▸ What is needed
Would you transcribe the records below from the line with "Штатная магнитола для" to the line with "Boardwalk® Hardwound Paper", ends included, exactly and with nothing more, leaving the pictures out?

▸ Data extracts
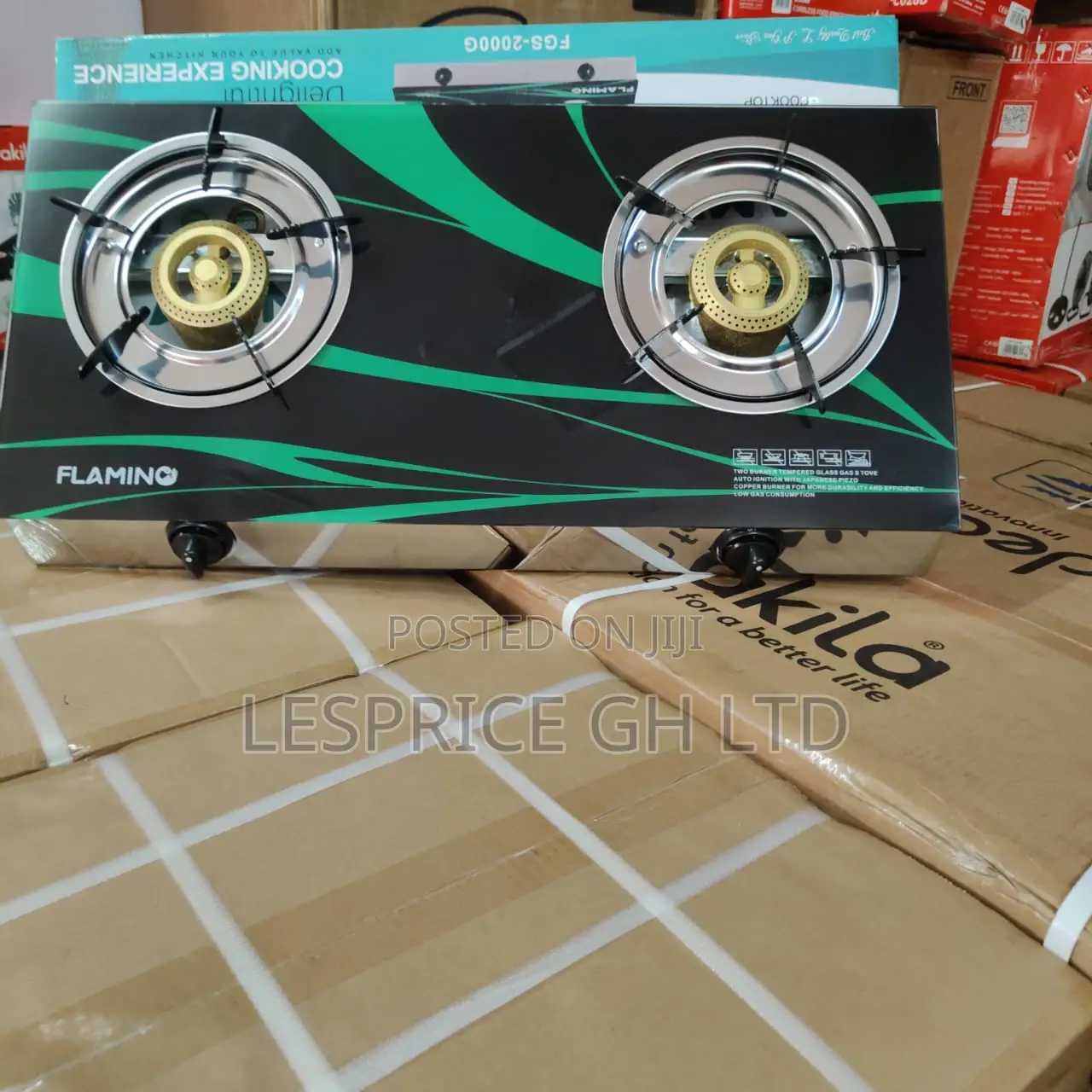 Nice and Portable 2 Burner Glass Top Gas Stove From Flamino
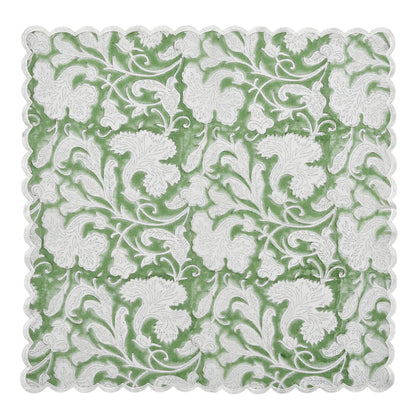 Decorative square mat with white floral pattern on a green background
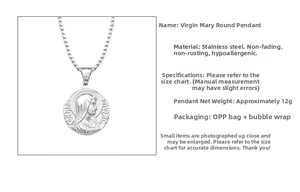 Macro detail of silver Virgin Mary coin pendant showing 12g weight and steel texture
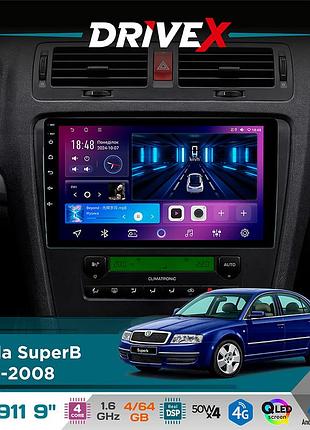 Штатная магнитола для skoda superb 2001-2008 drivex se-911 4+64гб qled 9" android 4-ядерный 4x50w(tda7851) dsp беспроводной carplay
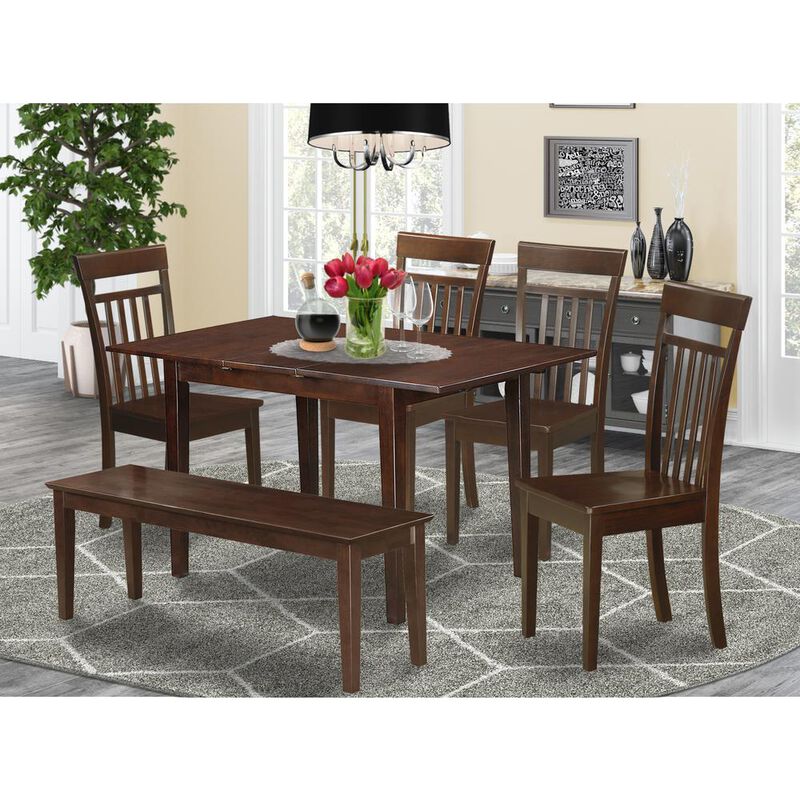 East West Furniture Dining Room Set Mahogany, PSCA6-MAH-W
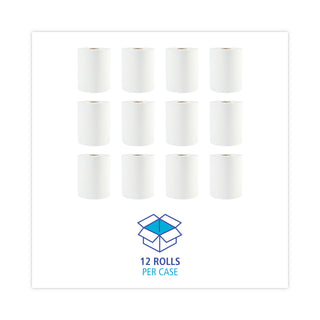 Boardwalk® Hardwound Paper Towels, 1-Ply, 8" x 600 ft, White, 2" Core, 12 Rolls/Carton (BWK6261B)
...
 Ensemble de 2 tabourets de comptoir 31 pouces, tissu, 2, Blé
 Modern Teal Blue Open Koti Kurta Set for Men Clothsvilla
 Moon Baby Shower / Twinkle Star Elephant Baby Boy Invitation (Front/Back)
==
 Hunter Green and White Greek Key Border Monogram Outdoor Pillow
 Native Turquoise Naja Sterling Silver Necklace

▸ Written reply
 Штатная магнитола для skoda superb 2001-2008 drivex se-911 4+64гб qled 9" android 4-ядерный 4x50w(tda7851) dsp беспроводной carplay
 East West Furniture Dining Room Set Mahogany, PSCA6-MAH-W
 Boardwalk® Hardwound Paper Towels, 1-Ply, 8" x 600 ft, White, 2" Core, 12 Rolls/Carton (BWK6261B)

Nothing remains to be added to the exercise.